→ Data block:
——
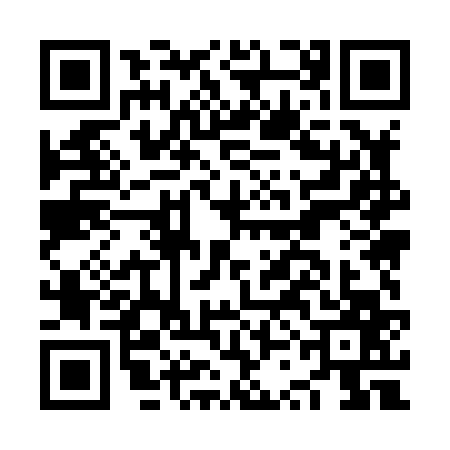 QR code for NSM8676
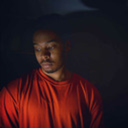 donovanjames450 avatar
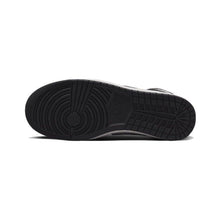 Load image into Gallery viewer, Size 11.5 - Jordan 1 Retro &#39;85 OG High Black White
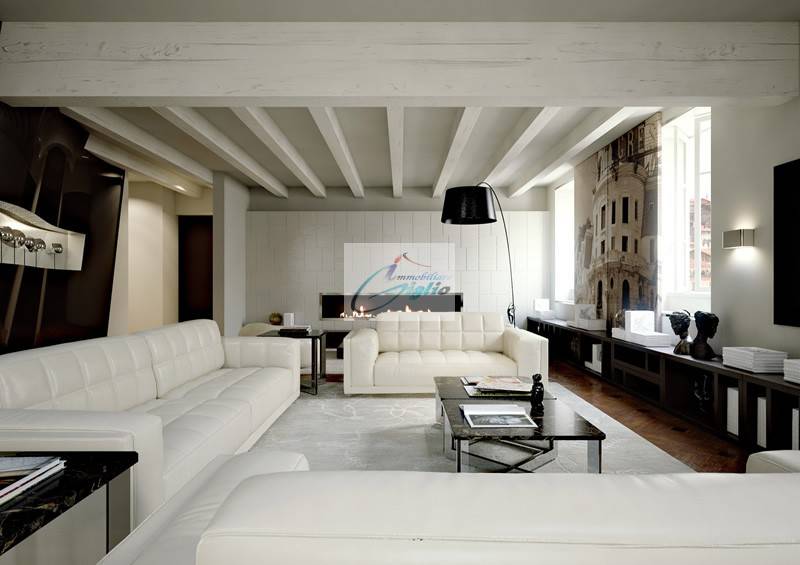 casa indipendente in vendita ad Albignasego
——
→ What to work on:
Please set down, word for word, the lines starting at the line that holds "donovanjames450 avatar" and running to the end of the listing, with no pictures.

→ Problem solution:
 donovanjames450 avatar
 Load image into Gallery viewer, Size 11.5 - Jordan 1 Retro &#39;85 OG High Black White
 casa indipendente in vendita ad Albignasego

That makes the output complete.